One of the most important health care problems is that a large number of patients do not respond to drug treatment. According to a report from the FDA, medication is deemed ineffective for 38-75 % of patients with common diseases. This problem reflects the complexity of common diseases. These may involve altered interactions between thousands of genes, which differ between patients with the same diagnosis. There is a wide gap between this complexity and modern health care, in which diagnostics often relies on a limited number of unspecific diagnostic markers.

Digital Twins

Digital twins is a concept from engineering, which has been applied complex systems such as airplanes or even cities The key idea is to computationally model those systems, in order to develop and test them more quickly and economically than in real life. STDC aims to apply this concept to personalize medicine, by constructing 1) network models of all molecular, phenotypic and environmental factors relevant to disease mechanisms in individual patients (digital twins); and 2) computationally treat those twins with thousands of drugs in order to identify the best one or ones to 3) treat the patient (Figure 1).

The Concept

Figure 1. The digital twin concept for personalized medicine (from Björnsson et al. Genome Medicine).

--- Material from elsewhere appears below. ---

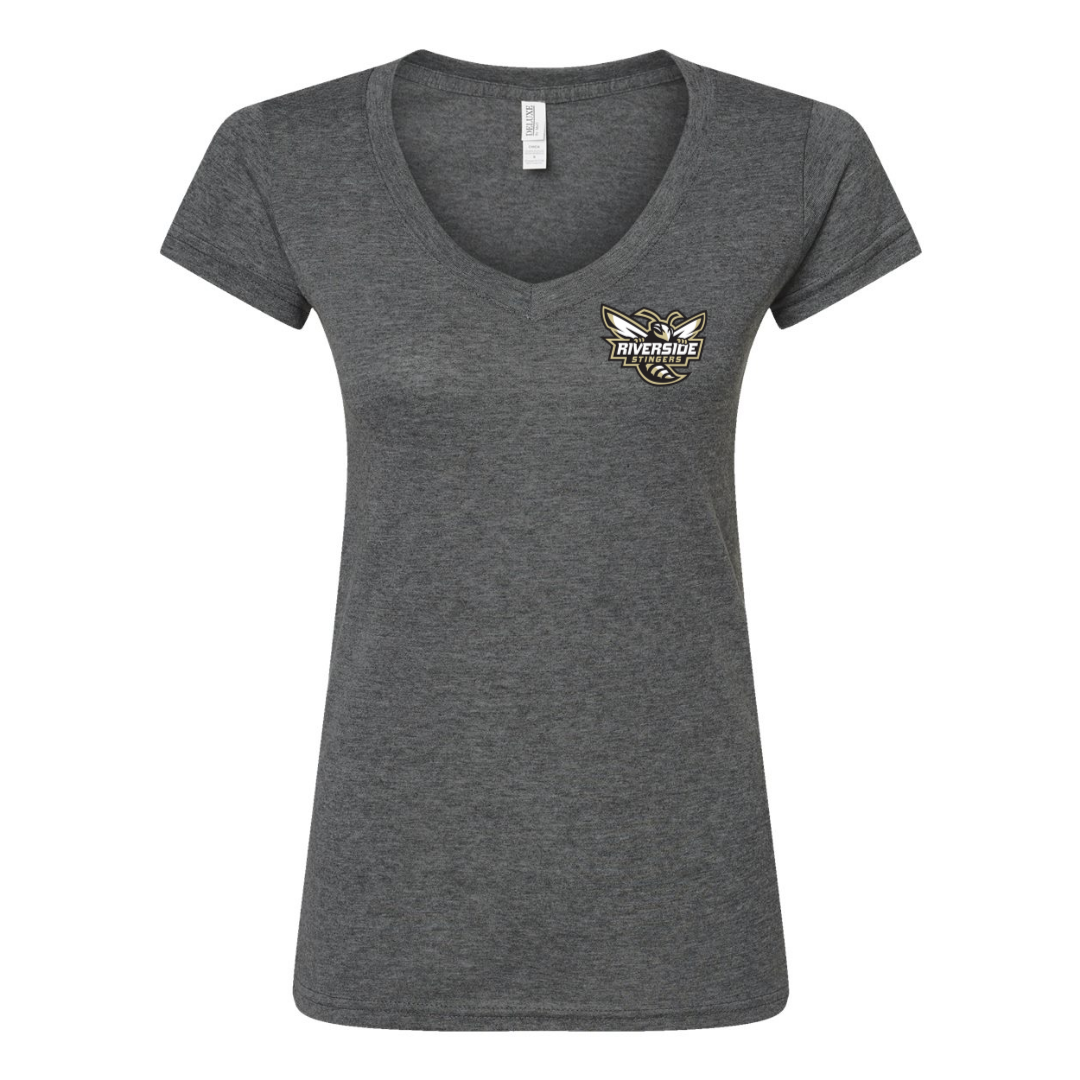 Deluxe Blend T-Shirt - Womens V Neck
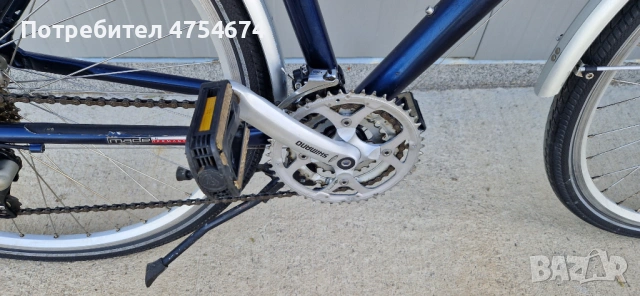 Алуминиев велосипед CARVER колело 28", снимка 3 - Велосипеди - 53784138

A) An individual patient with a local sign of disease (red).

B) A digital twin of the patient is constructed in unlimited copies, based on high-performance computational integration of thousands of disease-relevant variables.

C) Each twin is computationally treated with one or more of thousands of drugs. This results in digital cure of one patient (green). D) The drug that has the best effect on the twin is selected for treatment of the patient.

STDC Figure 1

The Consortium

The STDC is a multi-disciplinary consortium with partners from health care, medical and technical faculties and industry. The academic partners come from Karolinska Institute, Karolinska Hospital, Linköping University, Linköping University Hospital, Chalmers Institute of Technology and Lund University.